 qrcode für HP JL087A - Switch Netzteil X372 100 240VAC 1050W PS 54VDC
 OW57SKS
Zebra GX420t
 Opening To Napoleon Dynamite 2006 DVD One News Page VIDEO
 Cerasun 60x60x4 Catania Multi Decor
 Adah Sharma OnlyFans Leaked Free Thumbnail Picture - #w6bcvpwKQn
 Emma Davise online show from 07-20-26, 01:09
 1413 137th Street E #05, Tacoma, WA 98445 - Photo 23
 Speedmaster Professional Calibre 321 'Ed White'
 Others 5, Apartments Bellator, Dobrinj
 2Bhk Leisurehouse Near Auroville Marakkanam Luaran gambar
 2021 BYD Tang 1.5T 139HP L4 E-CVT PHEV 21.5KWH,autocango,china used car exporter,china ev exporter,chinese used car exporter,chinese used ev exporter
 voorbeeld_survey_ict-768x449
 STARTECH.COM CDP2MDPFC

==

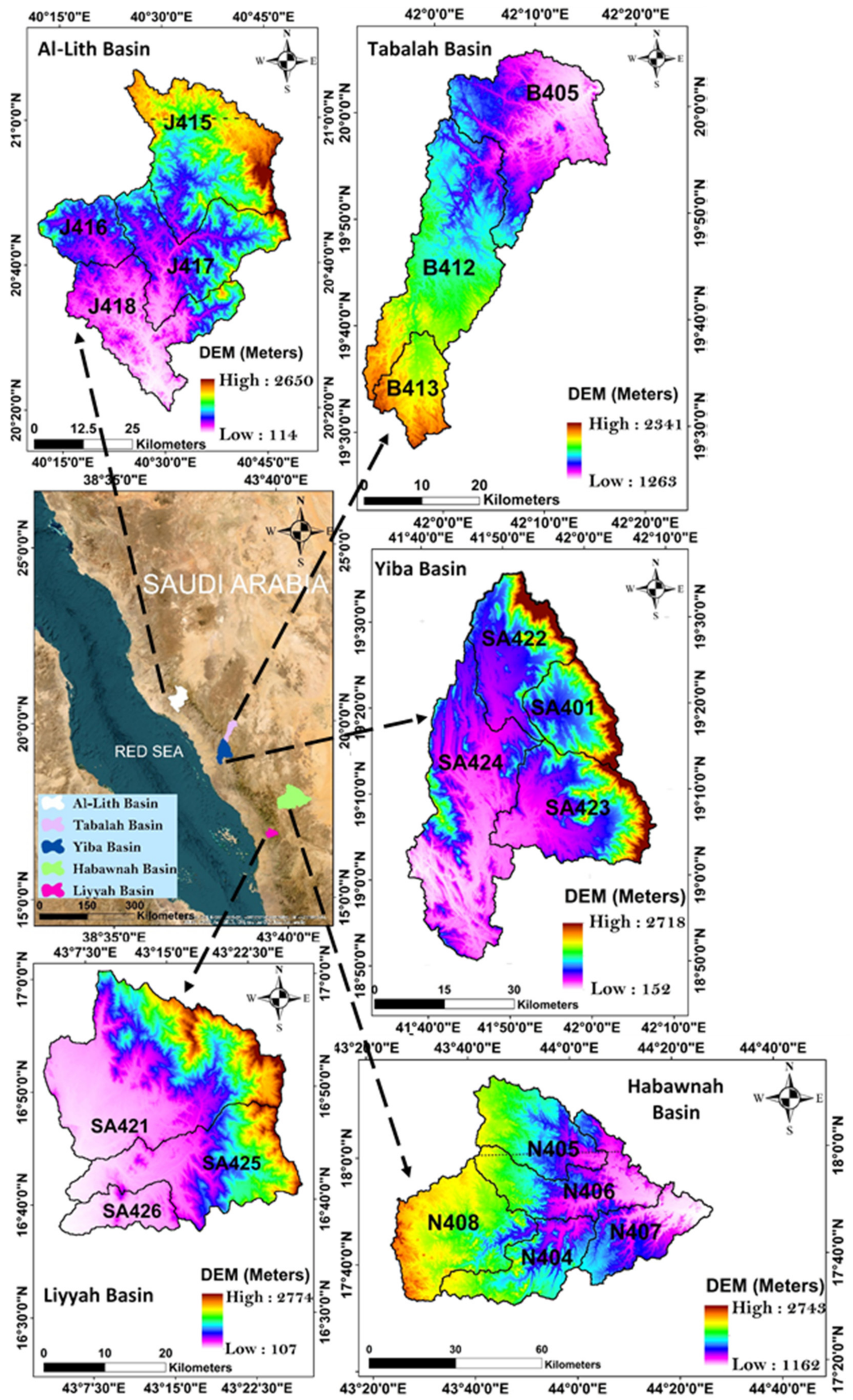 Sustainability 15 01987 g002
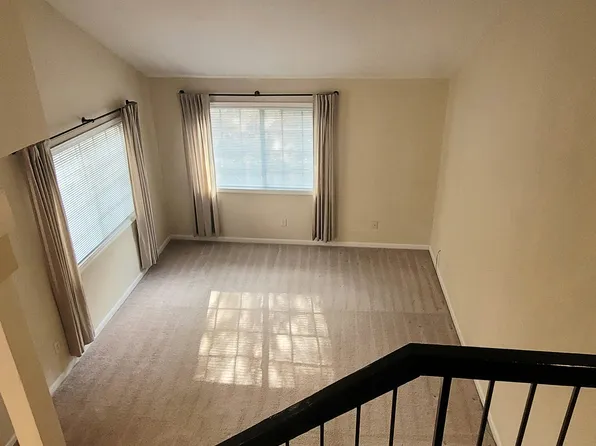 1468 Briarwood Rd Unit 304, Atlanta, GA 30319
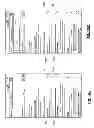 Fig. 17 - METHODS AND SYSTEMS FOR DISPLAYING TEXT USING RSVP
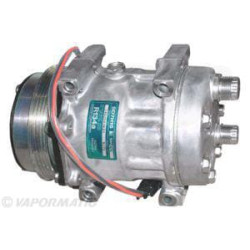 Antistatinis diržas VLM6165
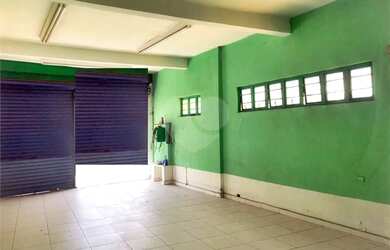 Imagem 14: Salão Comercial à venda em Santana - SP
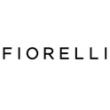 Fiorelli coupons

WHAT YOU WILL DO:
Reproduce verbatim the lines above, from the line with "Adah Sharma OnlyFans" through the line with "STARTECH.COM CDP2MDPFC".

EXERCISE RESULT:
 Adah Sharma OnlyFans Leaked Free Thumbnail Picture - #w6bcvpwKQn
 Emma Davise online show from 07-20-26, 01:09
 1413 137th Street E #05, Tacoma, WA 98445 - Photo 23
 Speedmaster Professional Calibre 321 'Ed White'
 Others 5, Apartments Bellator, Dobrinj
 2Bhk Leisurehouse Near Auroville Marakkanam Luaran gambar
 2021 BYD Tang 1.5T 139HP L4 E-CVT PHEV 21.5KWH,autocango,china used car exporter,china ev exporter,chinese used car exporter,chinese used ev exporter
 voorbeeld_survey_ict-768x449
 STARTECH.COM CDP2MDPFC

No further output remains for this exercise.